Die Hoffnung im Nichts (*)
Die Künstlerin Petra Sterry geht in ihren Installationen und Zeichnungen das existenzielle Themen des Todes an - ohne jedoch moralisierend zu wirken.
Wer im Jahr 2010 die Ausstellung „Prometheus" im Grazer Kulturzentrum bei den Minoriten besichtigte, dem musste spätestens im hintersten Raum der Atem stocken: Dort glitt man nämlich zunächst orientierungslos in ein Dunkel, in dem eine Stimme beschwörend eine Science-fiction-artige Geschichte über unendliche Lebensverlängerung rezitierte. Doch es wurde noch unheimlicher: In der Mitte des Raumes lag auf einem Sockel ein pumpendes Herz aus Latex, das ebenso nimmermüde arbeitete wie jenes der Patienten in der Geschichte.
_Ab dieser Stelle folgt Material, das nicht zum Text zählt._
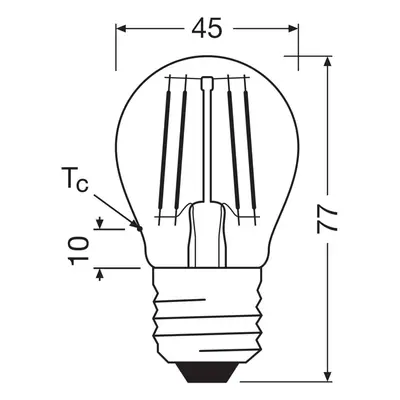 OSRAM OSRAM LED žárovka kapka E27 1,2W vlákno 2700K 255lm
Die Künstlerin Petra Sterry, 1967 in Graz geboren, geht in ihren Arbeiten existenzielle Themen an. Das Banale, Alltägliche, das sich die zeitgenössische Kunst - häufig durchaus instruktiv - zum Sujet nimmt, ist ihr fremd. Tod, Krankheit, Leere sind jene Konstanten des Lebens, die sie umtreiben - ebenso wie die Sprache, deren Tücken und Doppeldeutigkeiten sie gerne aufdeckt.
Wie für ihre Arbeit „Premotors Inc." bei den Minoriten, in der sie die Utopie - oder auch Dystopie - des ewigen Lebens aufrollt, schreibt Sterry jene Geschichten, die ihre Installationen begleiten, stets selbst. Ihre Texte wirken oft märchenhaft, sind reich an Metaphern und starken Bildern. Zu einer beklemmenden Skulptur aus einem Plastikkleid und einem Strick, der wie eine Kette an die Stelle des Dekolletés gelegt ist, schrieb sie eine Erzählung über ein Mädchen, das in einer Geisterstadt wohnt, und einen Prinzen, aus dessen Poren Spinnen schlüpfen; dass das Mädchen wie die Slums „Favela" heißt, ist charakteristisch für Sterrys Umgang mit der Sprache.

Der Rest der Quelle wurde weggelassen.